Subimos a un taxi rumbo al Airbnb que hemos alquilado en la calle Cáceres de un barrio llamado Legazpi. Ni K ni yo conocemos Madrid, ni España, ni Europa, más que por películas y canciones. Hombre de mundo no soy, creo que solo me quedé en tercermundista. De modo que, al salir del aeropuerto de Barajas, lo primero que llama mi atención es que aquí el cielo es de color celeste y no “gris panza de burro” como la bóveda que encierra mis recuerdos limeños. Los cambios son considerables. Miramos por el cristal como peces de acuario, los ojos igual de abiertos que los suyos, sin parpadear. La arquitectura coherente, las autopistas anchas, la ciudad sin tráfico ni caos, las personas cruzando por el paso de cebra. De modo que esto era un país desarrollado.
Ver a España por primera vez me pone de buenas y comienzo a bromear con K de mi miedo a volar, de lo nervioso que estaba, de lo tonto que fui. Ella me dice que después de once horas y media en un avión ya nada podrá asustarme. Yo asiento con la cabeza, divertido, aliviado, fuerte. Woddy Allen pareciéndose cada vez más a Christian Bale. Miro a mi izquierda y me fijo en el taxista, que maneja en silencio con la vista puesta en las señales. Es curioso, tiene una sonrisa gigante pegada a la cara, como si de pronto hubiera recordado un chiste irresistible. Le pregunto qué le hace tanta gracia, con ganas de reírme yo también y de paso hacer mi primer amigo en estas tierras. “Es que, chaval, ¿miedo a volar?”-responde con un vozarrón-. “Si eso es absurdo, ¿dónde quedaron tus cojones?”. El que se echa a reír es él.
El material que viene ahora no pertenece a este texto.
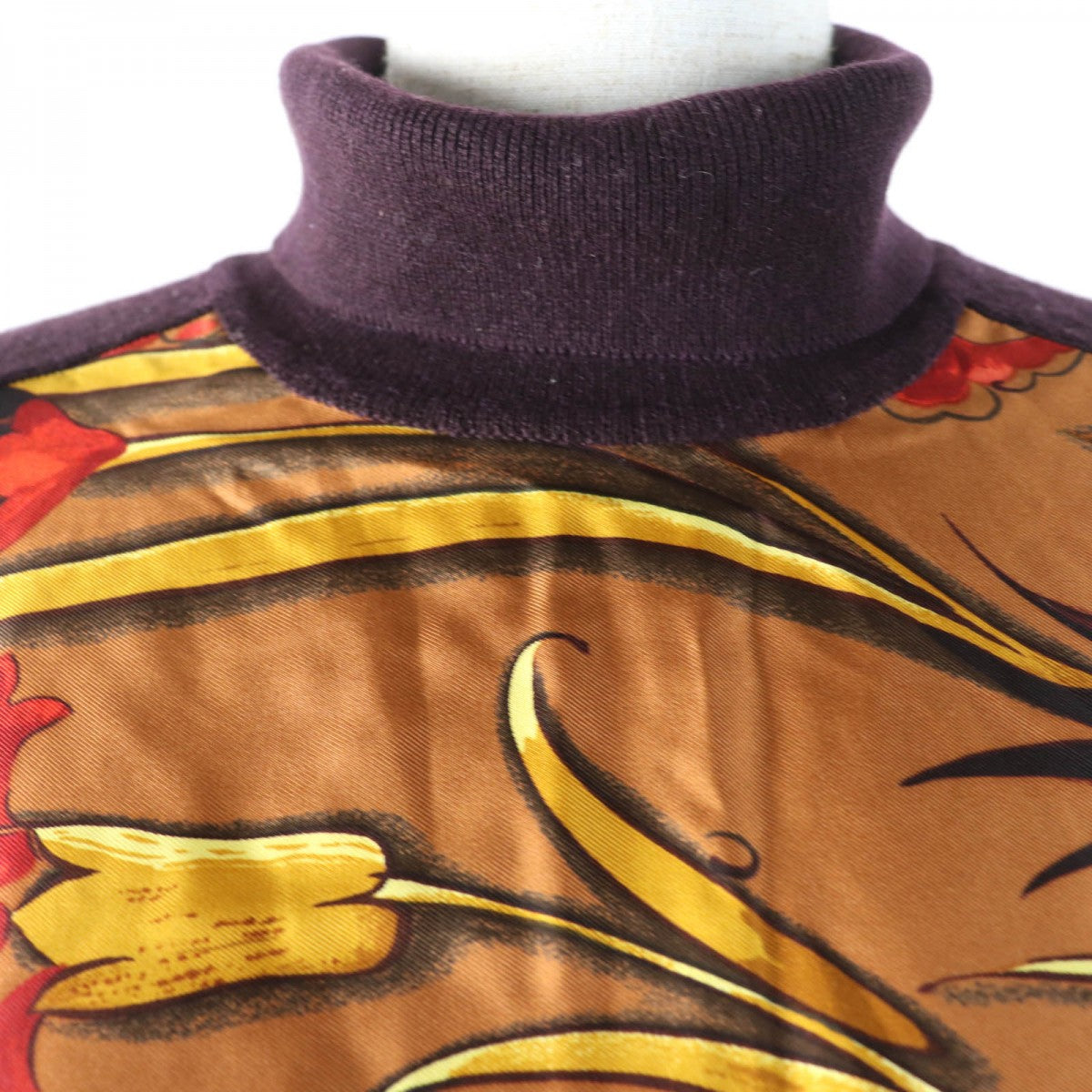 HERMES knit silk multicolor LA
Su repentina y corrosiva línea de diálogo me ha cogido desprevenido. En un instante he pasado de ser el héroe que supera los peligros al protagonista de un gag. Da lo mismo que me lo haya dicho de broma, estoy picón o, como dicen por acá, me he mosqueado. Apuro el contraataque, por supuesto, y uso la jugada que siempre me ha funcionado en estos casos: Paolo Guerrero. Capitán y figura de la selección peruana que volvió a un mundial luego de 36 años, goleador implacable, es además temeroso confeso de viajar en avión. La prueba irrefutable de que es de valientes morirse de miedo. Se lo hago saber al taxista y por poco y no contengo mis ganas de saltar sobre mi sitio y gritarle “jaque mate”. Pero algo sale mal. A veces la globalización es unidireccional y de eso me enteraría ahí mismo. El buen hombre no tiene ni la más remota idea de quién es Paolo Guerrero, aunque en Perú sea la segunda persona más admirada (solo lo supera Vargas Llosa). “¿Así le llaman o es su apellido de verdad?”, me pregunta, mientras coge una curva, acelera y vuelve a quedarse en silencio. Golpe bajo al patriotismo. Trato de no pensar en cuántos futbolistas españoles conozco. Deben ser más de cincuenta. La realidad es dura: aquí sí saben lo que es ganar un mundial, mientras que allá celebramos una clasificación como si fuéramos campeones.
En Legazpi, por fin. Bajar seis maletas de 22 kilos cada una (cuatro de ellas son de K) por unas estrechas escaleritas que dan a un sótano, me provoca casi tanto miedo como el despegue y el aterrizaje juntos. Un paso en falso y adiós. Pero otra vez todo sale bien, sobrevivimos, y ya estamos dentro del que será nuestro primer hogar. Un estudio de 35 metros cuadrados, con una habitación, un baño y una diminuta cocina/sala/comedor. Todo al precio de alquiler de un departamento completo en una buena zona de Lima: 1400 dólares al mes. Nos habían dicho que lo más caro sería pagar el piso y tenían razón. Solo falta un cartelito en la nevera que diga “Bienvenidos a España”. Por suerte, lo hemos separado por dos semanas y no más. Desde mañana, y esto es definitivo, comenzaremos a buscar otro piso, algo más razonable. Pero eso será mañana. Ahora intentaremos dormir, adaptarnos al cambio de horario y así evitar el jet lag. Solo espero no soñar con aviones.